A dificuldade das famílias de baixa renda conseguirem comprar o botijão de gás, fez com que entidades olhassem para esse problema. A Cufa (Central Única das Favelas) de São Bernardo, por exemplo, forneceu às famílias de baixa renda que atende, além de cestas básicas, também um botijão de gás. Algumas famílias ainda em maior dificuldade recorreram a fogões à lenha improvisados. O presidente da Cufa de São Bernardo, Alex Cambura, disse que as famílias mais carentes já estão improvisando formas de cozinhar sem o gás. “Eu já vi na favela da Paz famílias que construíram fogões a lenha por falta de condições de comprar o gás.

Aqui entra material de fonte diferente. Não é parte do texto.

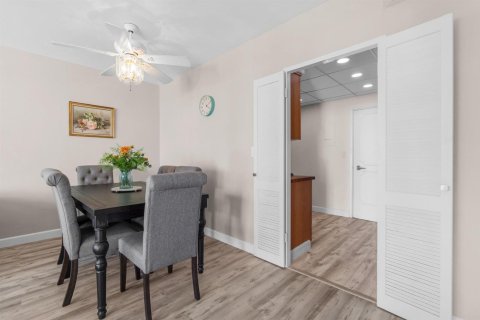 Copropriété à vendre à Fort Lauderdale, Floride: 1 chambre, 74.32 m2 № 2077541 - photo 13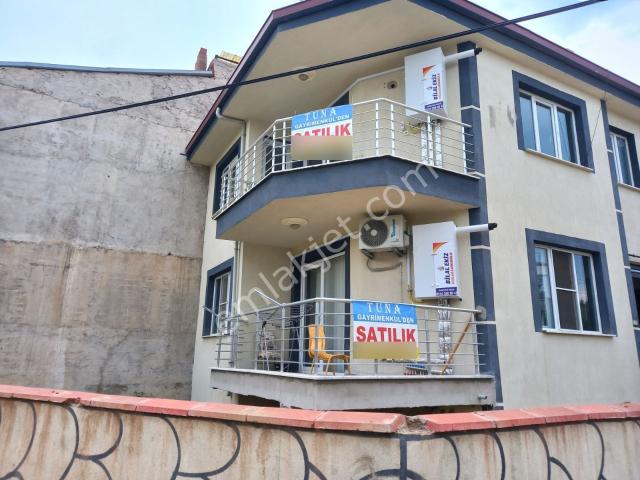 2 Katlı 262 M² Arsa İçinde Müstakil Ev Satılık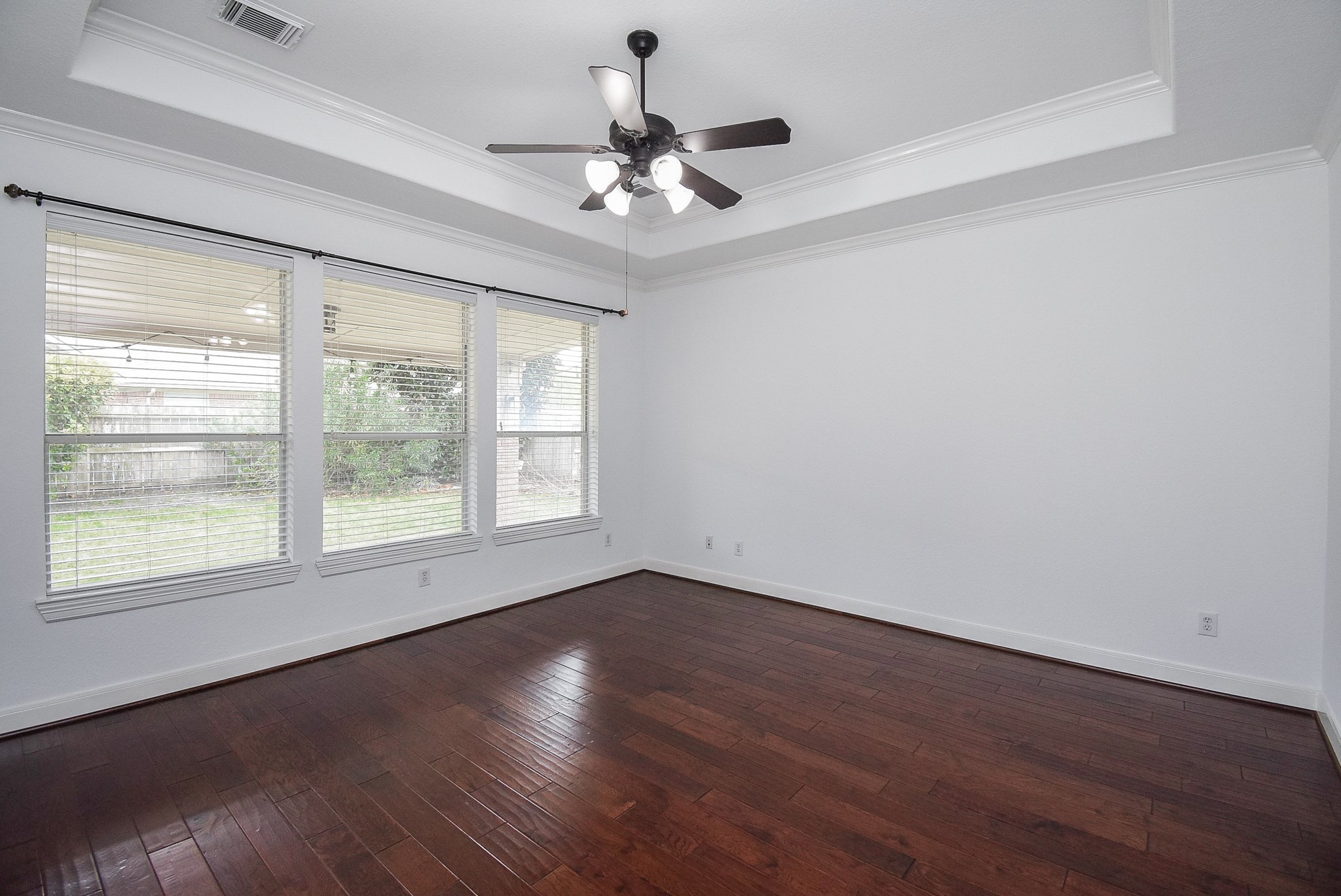 7606 Westmoreland Drive Property Photo 24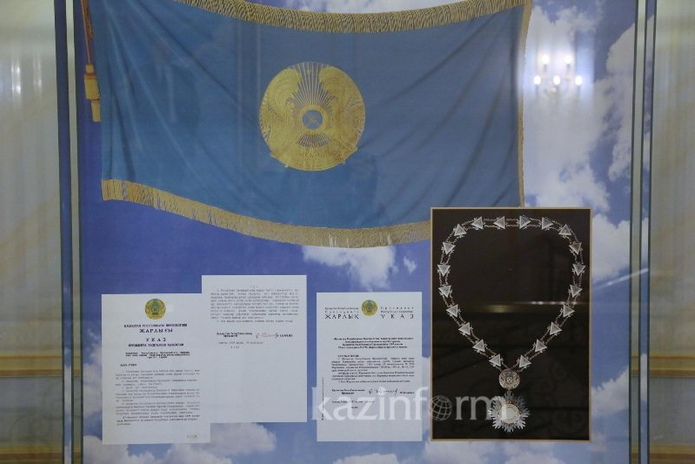 Где работает президент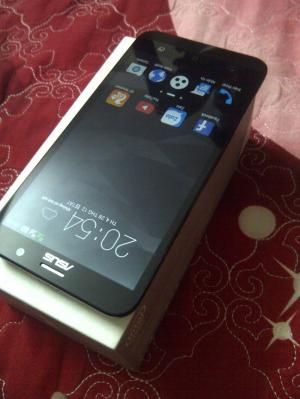 HCM-Bình Dương Asus zenfone 2 4gb/64gb nguyên zin, hoàn hảo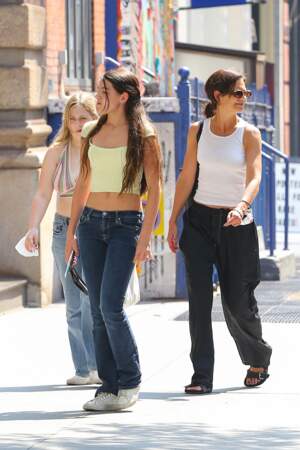 Adolescente toujours bien lookée, Suri Cruise dévoile sa silhouette fine en jean taille basse dans les rues de New York, le 27 juillet 2021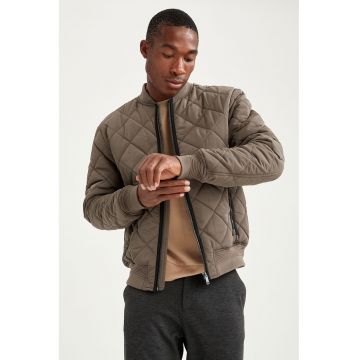 Jacheta bomber cu model matlasat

Na favela a maioria não tem condições, as famílias que atendemos são compostas em sua maioria por mulheres que são o arrimo da casa, estão desempregadas e têm crianças pequenas”, conta.
A Cufa distribuiu no último ano somente no ABC 3 mil botijões de gás através de parcerias e doações de empresas. Desse volume 2,5 mil foram só para famílias de Mauá, o restante foi dividido entre São Bernardo, Mauá e Santo André.
A nota técnica de Lúcia Bicalho mostra que a substituição do gás pela lenha para cozinhar já estava ocorrendo nos anos anteriores à pandemia, pois, de acordo com os dados disponíveis do IBGE, registrou-se, entre 2016 e 2019, aumento de 18% para 21% no número de famílias que usam lenha ou carvão para cozinhar. Nesse mesmo período, o Balanço Energético Nacional aponta que a participação da lenha na matriz energética residencial subiu de 24,4% para 26,1% e o GLP recuou de 26,5% para 24,4%.
O problema é que o gás de cozinha não tem outro senão a lenha como substituto economicamente viável para as famílias de baixa renda. “As opções ao GLP são o gás natural encanado, mas que depende de uma malha de distribuição que só há em grandes regiões metropolitanas e é também mais caro. Outra opção ainda extremamente cara é usar a energia elétrica, mas os fogões elétricos não são acessíveis nem à classe média. As pessoas mais pobres não têm condições de pagar e escolhem; ou não comer ou usar lenha. Por isso os projetos de transferência de renda adotados por alguns governos são importantes”, aponta Lúcia.
No estado de São Paulo o Vale Gás oferece R$ 100 a famílias de baixa renda por três meses. Somente em Diadema o programa vai beneficiar 3.908 famílias, segundo o anúncio do vice-governador Rodrigo Garcia (PSDB), em visita à cidade quando do anúncio do futuro restaurante Bom Prato. Ao todo, o ABC tem 8.752 famílias cadastradas para receber o Vale Gás.
“O GLP vem do petróleo e a tendência é aumentar e, ao passo que o nível de pobreza vem aumentando, a melhor solução é mesmo a transferência de renda, já que outros projetos de energia para a população de baixa renda não são economicamente viáveis”, avalia a autora da nota técnica do Conjuscs.
Apesar do ABC ter várias envasadoras de gás, próximas a refinaria em Mauá o preço aqui não é muito diferente de outras regiões. O presidente da Associação Brasileira dos Revendedores de GLP, Alexandre Borjaili, diz que a questão logística não influencia muito o preço do produto final, por isso que, independente se está perto ou longe da refinaria, os preços são parecidos. “Recentemente o Estado de São Paulo aumentou a alíquota de 12% para 13,8%, mesmo assim o impacto não foi dos maiores como também no caso da logística, que não tem esse peso todo, o aumento vem da Petrobras. Com a venda da Liquigás, o monopólio que tínhamos de cinco empresas distribuidoras agora é de apenas três, quer dizer ficaram mais fortes ainda, então esse combinado entre Petrobras e distribuidora está mais forte. Elas aumentam no mesmo percentual valor como se todos os custos operacionais fossem iguais e quem está pagando a conta é quem mais precisa. A fome e a miséria no Brasil estão crescendo a cada dia mais e o gás é essencial no combate à fome, porque ele é a energia para fazer do fubá o mingau”, analisa.